A Republican candidate for Kentucky secretary of state has apologized after suggesting he’d like to use US Rep. John Yarmuth as target practice.
“I’m so proud of my @NRA rating, I’ll wear it on my chest,” Yarmuth, a Kentucky Democrat, posted on Twitter Monday, along with a picture of him wearing a “F” pin showing his rating from the National Rifle Association.
Carl Nett, whose campaign website says he’s a former US Secret Service agent and CIA contractor, replied that Yarmuth should move the pin “over just a bit.”
“I was trained center mass,” he added, referring to the law enforcement tactic to hit a suspect’s vital organs. Nett has since deleted the tweet.
After receiving backlash from Democrats and Republicans in his state, Nett later apologized on Twitter.
“To the extent that anyone, including and most especially Congressman Yarmuth or members of his family, felt sincerely threatened or even offended by today’s social media post, I offer my sincere apology to them,” he wrote.
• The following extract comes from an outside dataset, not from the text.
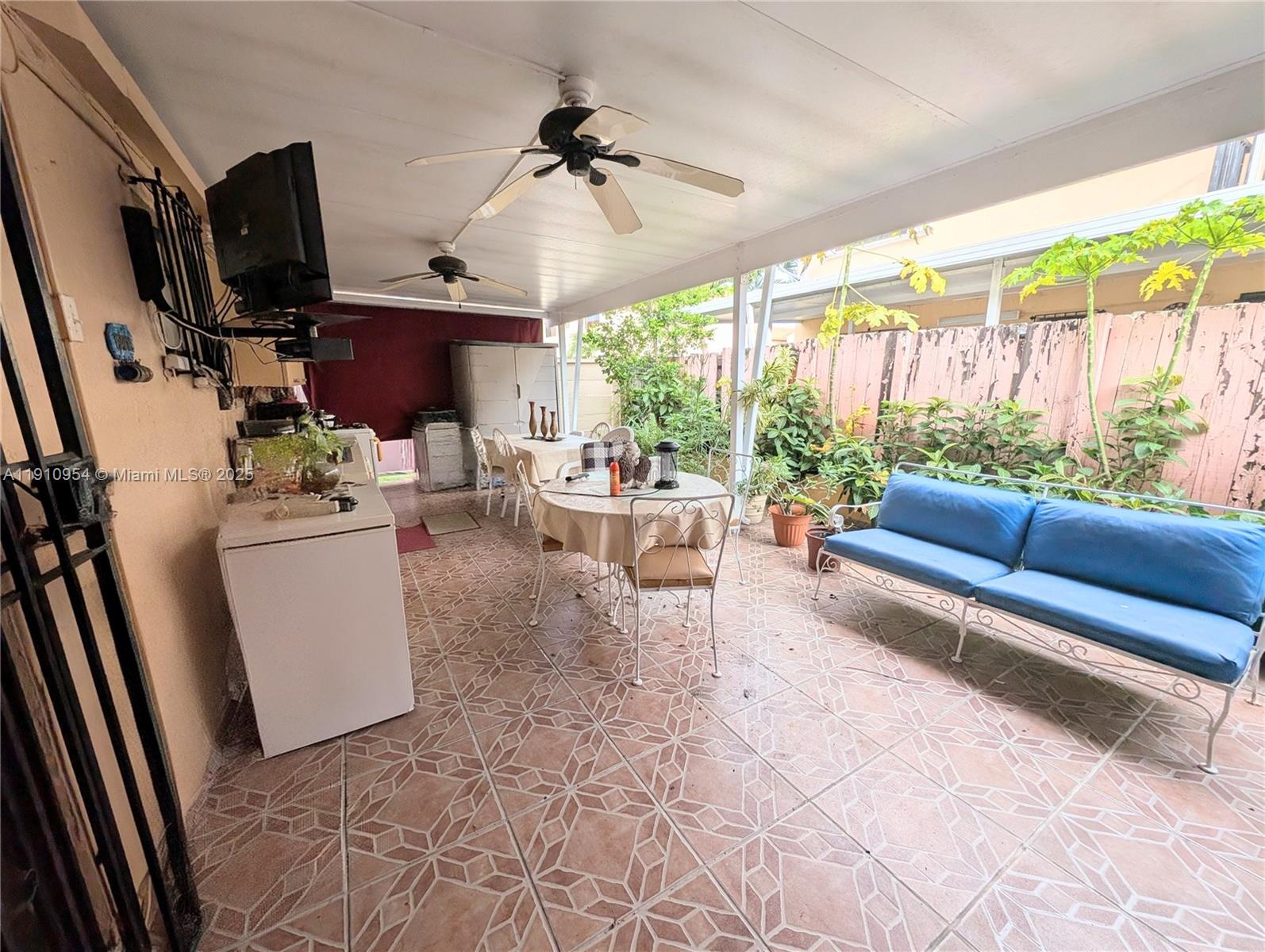 EL PRADO XI CONDO - Residential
The Kentucky Democratic Party Chair Ben Self slammed Nett’s comments as “not only alarming but terribly offensive given the numerous shootings including on in Great Mills, Maryland today.”
The Louisville GOP condemned Nett’s comments and called it “especially disturbing in light of recent attacks on Rep. Steve Scalise (R-LA) and our own Senator Rand Paul.”
The Scott County GOP wrote on Twitter that it “will not tolerate, in any form, a suggestion or even a hint of violence against anyone” and rescinded its invitation for Nett to speak at an event Tuesday, according to the Louisville Courier Journal.
Before he apologized, Nett had initially responded that he protected Democrats like Barack Obama and the Clintons even though “I voted for none of them.”
“I would have DIED for any of them. My oath is to the Constitution. ALL politicians should keep that oath, first and foremost,” he wrote.
Nett later said he recognized his “attempt to be clever was far from clever.”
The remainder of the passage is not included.